Unterdrückte Wahrheiten

Von einem israelischen Soldaten, der sich weigert, die Waffe gegen Palästinenser zu erheben

von Asaf Oron

Asaf Oron gehört zu den Erstunterzeichnern einer Erklärung israelischer Reservisten, die sich weigern, weiter in den besetzten palästinensischen Gebieten Dienst zu tun. Teilweise sitzen diese Soldaten wegen Wehrdienstverweigerung im Gefängnis. Gegen sie sind inzwischen Anzeigen und Aufrufe in israelischen Medien geschaltet worden. Ein Bürgermeister rief alle Behörden dazu auf, die Verweigerer nicht einzustellen; Unternehmer forderten, dass jeder privater Arbeitgeber sie entlassen müsse. Die Website der Organisation der Verweigerer: www.seruv.org.il   (http://www.seruv.org.il/defaulteng.asp  )

Am 5. Februar 1985 stand ich auf und verließ meine Wohnung, um zur Erfassungsstelle für Wehrpflichtige in der Rashi-Straße in Jerusalem zu gehen; dann verabschiedete ich mich von meinen Eltern, stieg in den schäbigen alten Bus, der uns zur Militärstation brachte, und wurde Soldat.
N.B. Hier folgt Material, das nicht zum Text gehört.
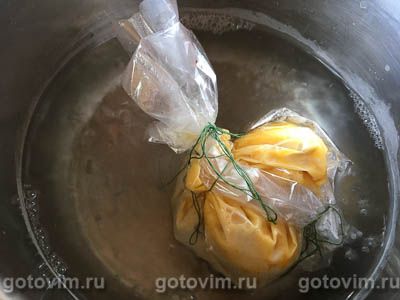 Омлет пашот с ряженкой, черным хлебом и каперсами Омлет пашот с ряженкой, черным хлебом и каперсами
Genau 17 Jahre später befinde ich mich in direkter Konfrontation mit der Armee - während die breite Öffentlichkeit zusieht, mich beschimpft und verhöhnt. Die Rechten sehen mich als Verräter, der sich nur drücken will vor dem Heiligen Krieg, der für sie um die nächste Ecke lauert. Die Leute der politischen Mitte drohen mir selbstgerecht mit dem Finger und reden von Untergrabung der Demokratie und Politisierung der Armee. Und die Linke? Die gestandene "moderate" Linke des Establishments, die noch bis gestern hinter meiner Stimme her war, wendet sich von mir ab. Alle faseln über Legitimität und Illegitimität und zeigen nichts anderes als das Ausmaß ihrer Ignoranz gegenüber jeglicher politischer Theorie und ihre Unfähigkeit, eine wirkliche Demokratie von einer Dritte-Welt-Demokratie im Stile Perons zu unterscheiden.

Kaum einer fragt mich, was doch auf der Hand liegen müsste, nämlich warum ein ganz normaler Typ eines Morgens aufsteht und mitten aus dem Alltag mit Arbeit und Kindern heraus beschließt, dass er nicht mehr mitspielen will. Und wie es kommt, dass er dabei nicht alleine ist sondern dass 50 . . . Entschuldigung, 100 . . . ach nein, 200 . . . (inzwischen sind es 500 Reservisten in ganz Israel; A. d. Ü.) ganz normale Typen wie er genau dasselbe tun?

Der Generation unserer Eltern entringt sich ein tiefer Seufzer: Ach, wieder haben wir sie blamiert. Dabei ist es am Ende doch eure eigene Schuld, oder? Denn wie habt ihr uns erzogen? Einerseits ging es immer um universelle ethische Werte, allumfassende Gerechtigkeit: Frieden, Freiheit und Gleichheit für alle. Und auf der anderen Seite hieß es: "Die Araber wollen uns ins Meer werfen." "Sie sind schlau und primitiv." "Man kann ihnen nicht trauen."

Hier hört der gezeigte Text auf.